Patrick Lynch, president of the Patrolmen’s Benevolent Association (PBA) — that is, the NYPD police officers’ union — is not impressed.

“These pieces of legislation have been proposed by individuals who have neither the expertise nor the experience to establish policy in the dangerous business of fighting crime. Policing policies must be left to the police management who understand the intricacies and difficulties of complex legal issues and the appropriate use of crime-fighting tactics.”

But to the American Civil Liberties Union (ACLU), the proposed NYPD police reforms are merely common sense. In a statement made available via Russia Today, the ACLU called on the city council to pass the proposed reforms.

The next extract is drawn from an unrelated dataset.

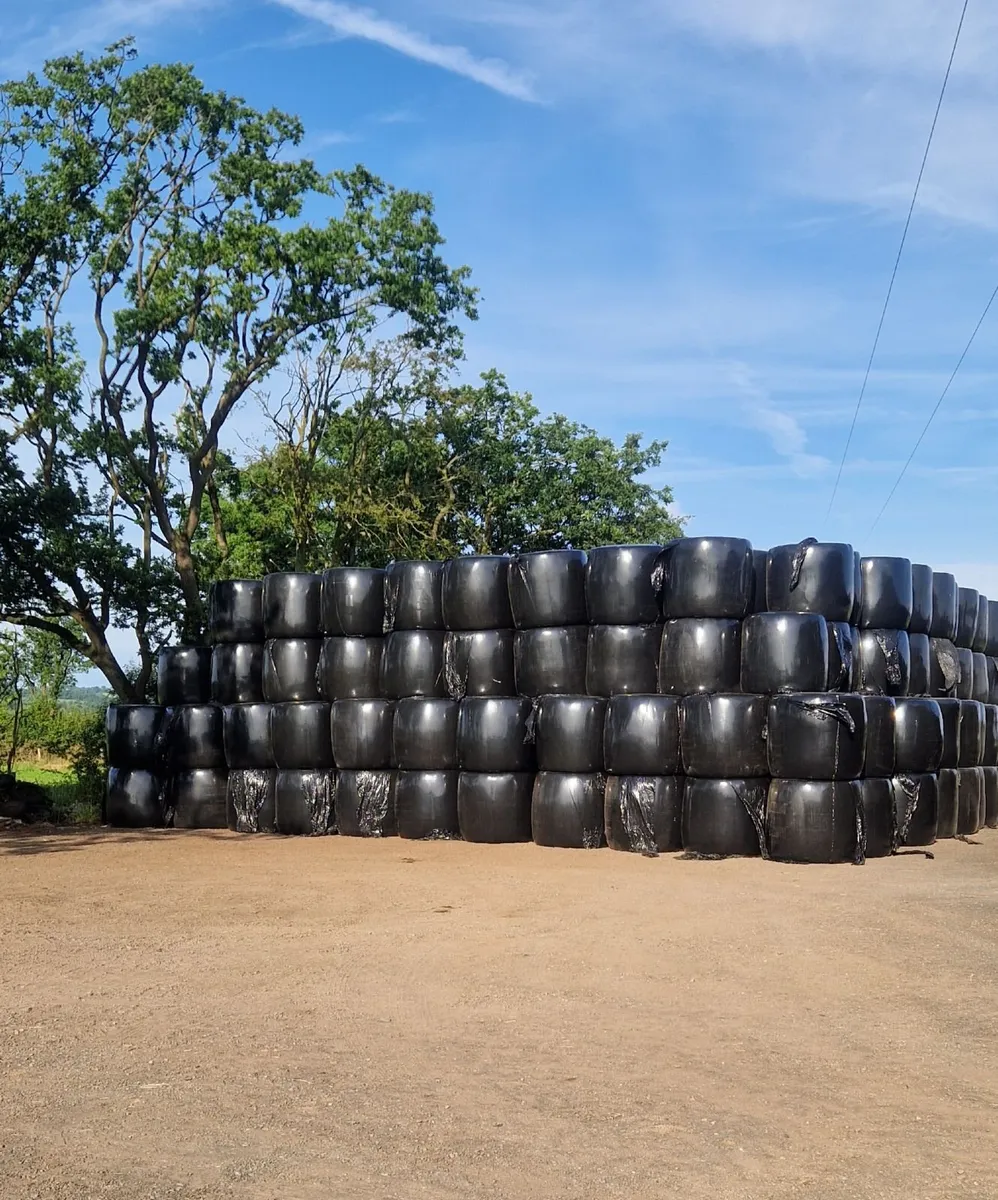 Haylage Suitable For Horses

“Too often, New Yorkers are subjected to police encounters in which they are provided no information about the person stopping them or the basis for the interaction. New Yorkers have often misunderstood the extent of their privacy rights during a consensual search, and police officers exploit that misunderstanding.”

Other proposed NYPD reform measures before the city council include the following.

  • A measure requiring the NYPD to report the precincts of the cops with the most CCRB complaints against them.
  • A measure allowing “injurious physical force” only when absolutely necessary, and only a “proportionate amount” of such force.
  • A task force to study a possible body camera program.

Councilman Rory Lancman, who has sponsored three of the proposed police reform measures, is clear that the timing of the proposed reforms is important.

“[These proposed reform measures have] everything to do with the fact that we are fast approaching the one-year anniversary of Eric Garner’s death and the public rightly wants to know what we have done to make things better.”